--- TASK ---
In the records below, find the line that contains "Llavero Goma Stranger Things Hellfire Club" and the line that contains "Rated Script T-Shirt", then retype exactly those two lines and every line between them.

Content starts

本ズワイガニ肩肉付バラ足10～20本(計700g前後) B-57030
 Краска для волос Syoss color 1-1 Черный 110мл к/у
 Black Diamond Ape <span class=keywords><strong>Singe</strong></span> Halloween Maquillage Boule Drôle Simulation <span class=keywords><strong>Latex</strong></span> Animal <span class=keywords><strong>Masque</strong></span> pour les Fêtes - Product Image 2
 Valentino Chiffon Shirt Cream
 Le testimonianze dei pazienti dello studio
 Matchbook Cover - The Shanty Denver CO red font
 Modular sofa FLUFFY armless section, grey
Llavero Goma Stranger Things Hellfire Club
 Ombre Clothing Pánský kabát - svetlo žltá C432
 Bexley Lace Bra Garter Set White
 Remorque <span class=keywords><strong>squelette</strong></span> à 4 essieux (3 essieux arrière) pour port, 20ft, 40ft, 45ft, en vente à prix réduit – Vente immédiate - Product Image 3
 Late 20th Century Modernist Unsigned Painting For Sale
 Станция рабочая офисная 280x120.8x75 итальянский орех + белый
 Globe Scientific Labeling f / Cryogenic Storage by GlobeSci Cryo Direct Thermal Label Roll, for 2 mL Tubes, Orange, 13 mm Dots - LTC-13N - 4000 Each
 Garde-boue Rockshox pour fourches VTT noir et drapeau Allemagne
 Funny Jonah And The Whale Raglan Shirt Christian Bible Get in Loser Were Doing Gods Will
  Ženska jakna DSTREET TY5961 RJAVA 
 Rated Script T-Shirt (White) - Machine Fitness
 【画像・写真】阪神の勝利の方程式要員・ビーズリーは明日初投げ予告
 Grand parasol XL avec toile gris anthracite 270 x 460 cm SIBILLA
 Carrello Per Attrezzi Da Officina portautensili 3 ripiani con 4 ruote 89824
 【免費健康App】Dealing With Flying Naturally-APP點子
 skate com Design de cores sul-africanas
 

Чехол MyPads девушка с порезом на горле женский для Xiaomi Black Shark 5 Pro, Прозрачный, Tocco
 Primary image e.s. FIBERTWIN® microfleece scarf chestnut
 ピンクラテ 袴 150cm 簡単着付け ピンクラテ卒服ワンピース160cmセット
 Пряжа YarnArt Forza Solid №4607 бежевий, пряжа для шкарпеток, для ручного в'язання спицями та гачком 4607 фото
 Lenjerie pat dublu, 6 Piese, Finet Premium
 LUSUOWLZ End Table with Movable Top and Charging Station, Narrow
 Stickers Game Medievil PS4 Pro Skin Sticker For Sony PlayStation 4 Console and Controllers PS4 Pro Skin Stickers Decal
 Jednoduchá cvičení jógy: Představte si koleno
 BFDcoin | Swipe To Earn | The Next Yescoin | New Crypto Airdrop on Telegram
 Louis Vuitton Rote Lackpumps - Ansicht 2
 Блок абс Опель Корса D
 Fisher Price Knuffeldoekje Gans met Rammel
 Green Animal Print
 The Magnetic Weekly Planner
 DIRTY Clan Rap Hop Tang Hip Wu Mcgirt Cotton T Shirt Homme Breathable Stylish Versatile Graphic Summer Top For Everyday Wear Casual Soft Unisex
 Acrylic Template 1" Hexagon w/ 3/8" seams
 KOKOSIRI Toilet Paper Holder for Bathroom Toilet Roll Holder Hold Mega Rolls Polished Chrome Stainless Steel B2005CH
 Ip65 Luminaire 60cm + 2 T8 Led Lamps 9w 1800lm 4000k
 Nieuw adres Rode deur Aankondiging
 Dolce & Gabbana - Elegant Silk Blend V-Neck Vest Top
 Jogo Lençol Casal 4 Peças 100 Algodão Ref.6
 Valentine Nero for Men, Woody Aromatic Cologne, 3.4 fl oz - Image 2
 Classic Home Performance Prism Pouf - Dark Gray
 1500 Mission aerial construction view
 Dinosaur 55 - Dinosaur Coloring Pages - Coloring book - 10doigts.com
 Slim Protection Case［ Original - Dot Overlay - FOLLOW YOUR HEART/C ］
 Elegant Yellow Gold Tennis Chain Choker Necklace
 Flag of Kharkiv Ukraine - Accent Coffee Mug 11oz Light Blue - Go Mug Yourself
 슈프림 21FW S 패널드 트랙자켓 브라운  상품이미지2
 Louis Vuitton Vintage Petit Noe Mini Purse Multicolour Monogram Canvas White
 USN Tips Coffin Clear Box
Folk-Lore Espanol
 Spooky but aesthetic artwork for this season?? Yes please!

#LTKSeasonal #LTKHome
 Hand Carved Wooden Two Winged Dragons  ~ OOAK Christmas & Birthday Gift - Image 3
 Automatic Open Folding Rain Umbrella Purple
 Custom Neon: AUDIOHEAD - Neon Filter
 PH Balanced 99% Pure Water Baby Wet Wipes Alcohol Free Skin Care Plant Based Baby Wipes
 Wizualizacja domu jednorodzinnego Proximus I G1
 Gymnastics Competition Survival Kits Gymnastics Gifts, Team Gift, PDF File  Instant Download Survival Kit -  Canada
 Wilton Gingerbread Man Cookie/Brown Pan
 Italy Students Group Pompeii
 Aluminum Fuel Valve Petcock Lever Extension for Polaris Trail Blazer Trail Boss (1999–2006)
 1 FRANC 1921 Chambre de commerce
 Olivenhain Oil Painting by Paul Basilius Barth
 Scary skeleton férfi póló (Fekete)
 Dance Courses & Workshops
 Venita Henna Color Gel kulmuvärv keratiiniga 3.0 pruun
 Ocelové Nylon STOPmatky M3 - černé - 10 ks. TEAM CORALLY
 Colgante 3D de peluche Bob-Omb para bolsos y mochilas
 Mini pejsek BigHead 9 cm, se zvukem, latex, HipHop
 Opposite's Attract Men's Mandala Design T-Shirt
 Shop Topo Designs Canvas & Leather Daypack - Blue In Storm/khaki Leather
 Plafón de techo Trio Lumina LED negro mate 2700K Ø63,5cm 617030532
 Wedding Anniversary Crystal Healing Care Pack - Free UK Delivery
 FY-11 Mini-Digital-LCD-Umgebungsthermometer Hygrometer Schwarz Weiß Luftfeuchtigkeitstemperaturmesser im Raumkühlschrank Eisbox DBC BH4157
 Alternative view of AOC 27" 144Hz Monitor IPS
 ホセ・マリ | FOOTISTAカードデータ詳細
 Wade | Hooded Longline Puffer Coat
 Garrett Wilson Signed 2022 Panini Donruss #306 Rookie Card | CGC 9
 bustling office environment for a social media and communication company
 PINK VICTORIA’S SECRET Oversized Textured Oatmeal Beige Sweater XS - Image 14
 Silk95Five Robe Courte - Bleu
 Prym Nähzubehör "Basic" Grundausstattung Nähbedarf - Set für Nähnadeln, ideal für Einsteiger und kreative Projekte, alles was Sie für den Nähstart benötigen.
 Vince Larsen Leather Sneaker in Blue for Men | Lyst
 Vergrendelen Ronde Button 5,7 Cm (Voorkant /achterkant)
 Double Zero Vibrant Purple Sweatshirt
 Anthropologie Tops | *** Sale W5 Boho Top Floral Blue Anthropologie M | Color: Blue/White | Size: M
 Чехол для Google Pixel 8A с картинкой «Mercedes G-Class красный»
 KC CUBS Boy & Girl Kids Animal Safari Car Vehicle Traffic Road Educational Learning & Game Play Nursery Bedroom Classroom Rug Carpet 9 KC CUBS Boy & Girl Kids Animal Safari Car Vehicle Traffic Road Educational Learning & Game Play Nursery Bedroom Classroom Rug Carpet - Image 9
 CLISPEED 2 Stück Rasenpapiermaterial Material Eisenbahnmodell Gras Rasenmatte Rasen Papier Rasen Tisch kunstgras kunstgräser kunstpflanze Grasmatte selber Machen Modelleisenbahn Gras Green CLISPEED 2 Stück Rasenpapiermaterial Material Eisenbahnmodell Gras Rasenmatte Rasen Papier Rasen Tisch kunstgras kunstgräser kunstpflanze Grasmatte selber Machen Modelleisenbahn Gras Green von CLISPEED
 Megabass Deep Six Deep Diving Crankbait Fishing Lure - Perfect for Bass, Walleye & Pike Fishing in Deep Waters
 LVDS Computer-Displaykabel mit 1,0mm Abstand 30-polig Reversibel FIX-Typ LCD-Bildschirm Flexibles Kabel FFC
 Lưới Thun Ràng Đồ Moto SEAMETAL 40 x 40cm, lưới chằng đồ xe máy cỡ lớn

Content ends

--- SOLUTION TO THIS PROBLEM ---
Llavero Goma Stranger Things Hellfire Club
 Ombre Clothing Pánský kabát - svetlo žltá C432
 Bexley Lace Bra Garter Set White
 Remorque <span class=keywords><strong>squelette</strong></span> à 4 essieux (3 essieux arrière) pour port, 20ft, 40ft, 45ft, en vente à prix réduit – Vente immédiate - Product Image 3
 Late 20th Century Modernist Unsigned Painting For Sale
 Станция рабочая офисная 280x120.8x75 итальянский орех + белый
 Globe Scientific Labeling f / Cryogenic Storage by GlobeSci Cryo Direct Thermal Label Roll, for 2 mL Tubes, Orange, 13 mm Dots - LTC-13N - 4000 Each
 Garde-boue Rockshox pour fourches VTT noir et drapeau Allemagne
 Funny Jonah And The Whale Raglan Shirt Christian Bible Get in Loser Were Doing Gods Will
  Ženska jakna DSTREET TY5961 RJAVA 
 Rated Script T-Shirt (White) - Machine Fitness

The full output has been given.